Redress Risk Management (post until May 31/19)

Divorcing with business assets — what to expect

The end of a marriage is a time of tension and uncertainty that can become even more heated when one of the parties has their own company, making the services of a business valuator necessary, says Toronto family lawyer Erin Chaiton-Murray.

“It’s often the case that the value can’t be determined simply by the parties and lawyers because it is more complex,” says Chaiton-Murray, a senior associate with Fogelman Law.

“So we would have a business valuator calculate the value of the business that should be included in the equalization. We need them to provide us with the numbers and the evidence that we can use to calculate entitlements and deal with property issues.”

In a separation or divorce, the party who owns the asset has the onus of establishing its value, and the general practice is to retain a professional to carry out the valuation, she tells, noting that “the practice of determining what a company is worth is complex and layered, and involves various considerations.”

It’s because of that complexity that the valuator’s report may not be the final word on the worth of the business, Chaiton-Murray says.

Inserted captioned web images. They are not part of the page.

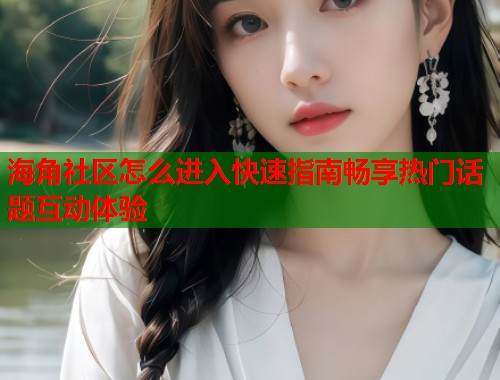 海角社区怎么进入快速指南畅享热门话题互动体验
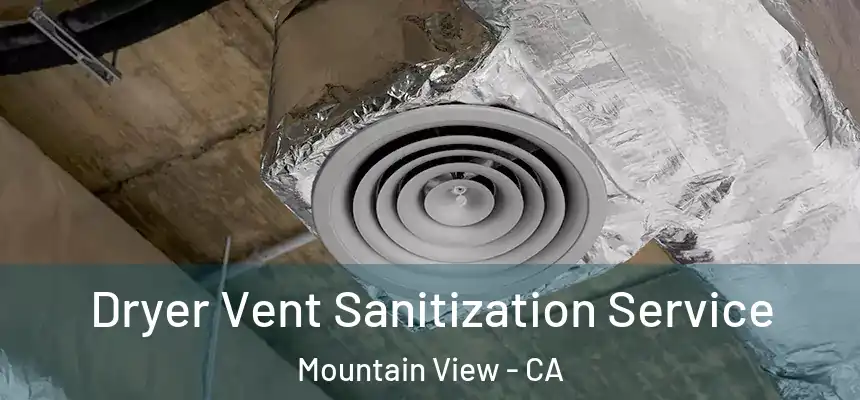 Dryer Vent Sanitization Service Mountain View - CA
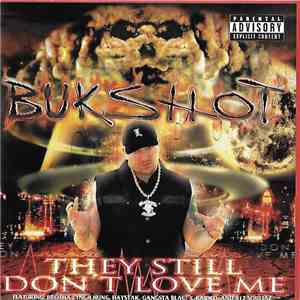 Bukshot - They Still Don't Love Me download free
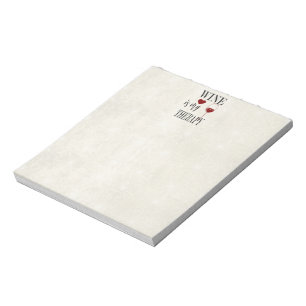 O Vinho É O Meu Bloco De Notas Terapêutico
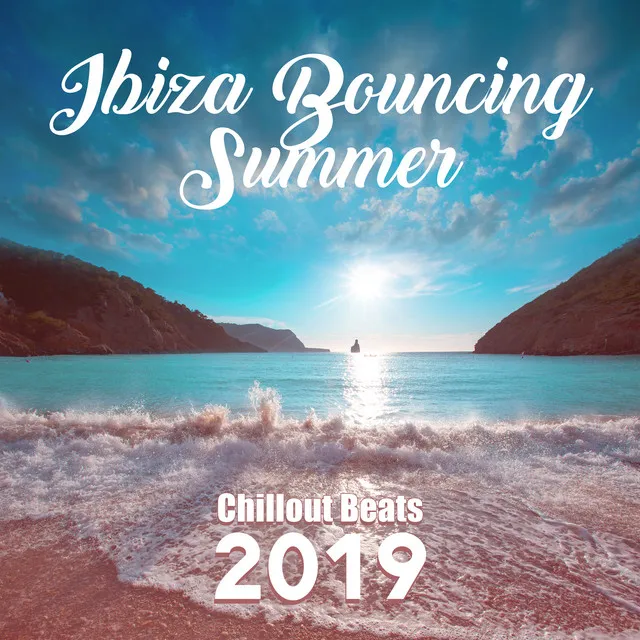 Ibiza Bouncing Summer Chillout Beats 2019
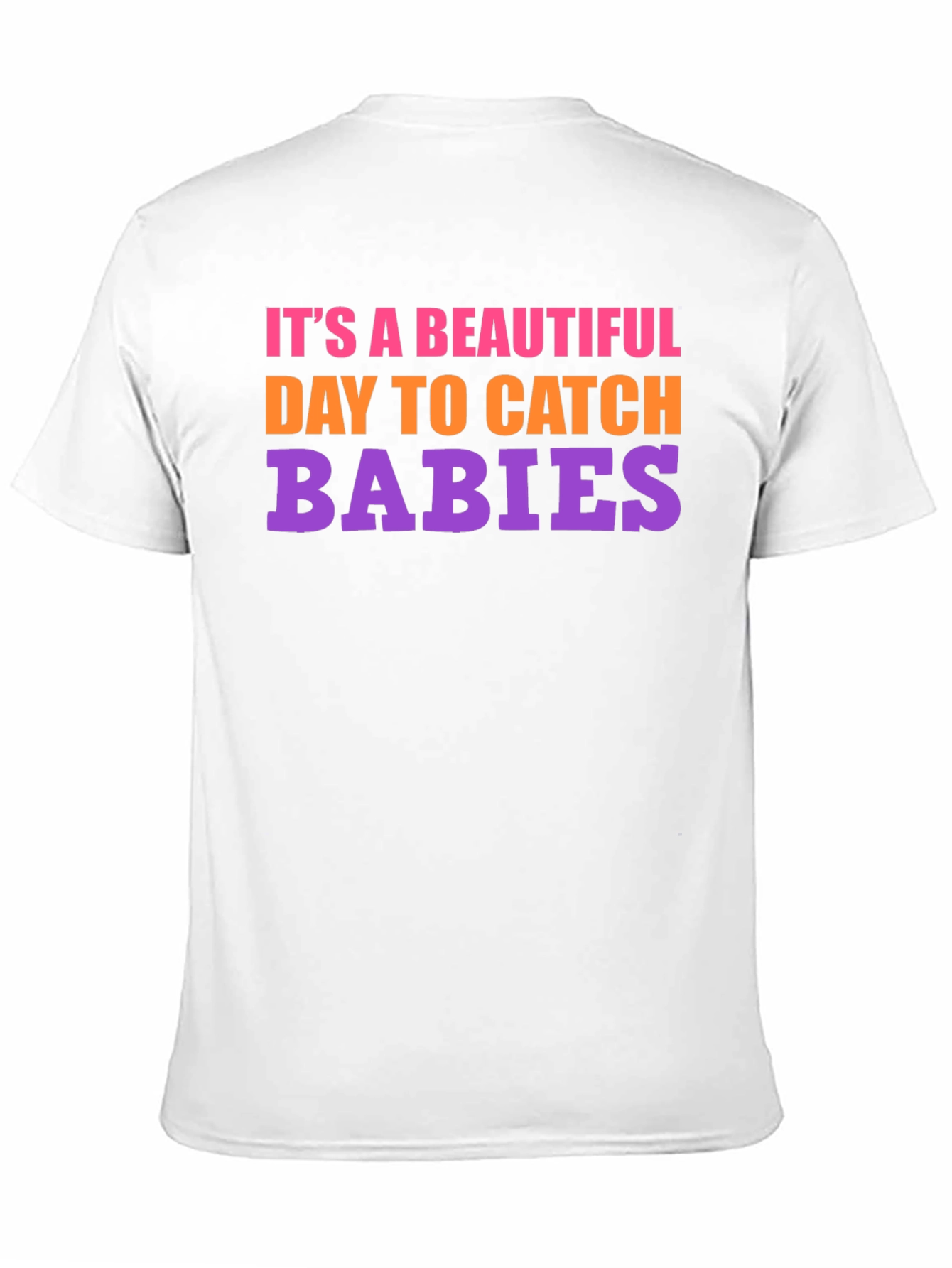 Its a Beautiful Day to Catch Babies Graphic Tee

Once the report is produced by the person who owns the asset, “The other party may consider retaining their own expert to review the valuation and potentially produce a critique report or a second opinion. That report would set out the other expert’s opinion on what may be wrong with the original valuation, or where there are areas for discussion. Then these two reports will become part of the evidence in the case,” she explains.

If the case is in litigation, ultimately, at trial, the court would decide which expert opinion it prefers based on the documents and the valuators’ testimony, Chaiton-Murray says.

But if the matter is not being litigated, she adds, the reports would become important information for settlement discussions.

“It may be that the experts agree or come close to agreeing on the value, and that makes it much easier. But there also could be a significant difference in opinion on some aspects of the valuation or all of it,” she says. Sometimes she will suggest that a meeting or mediation take place with the experts in attendance to discuss the differences between their two values and whether a “compromise position” can be reached.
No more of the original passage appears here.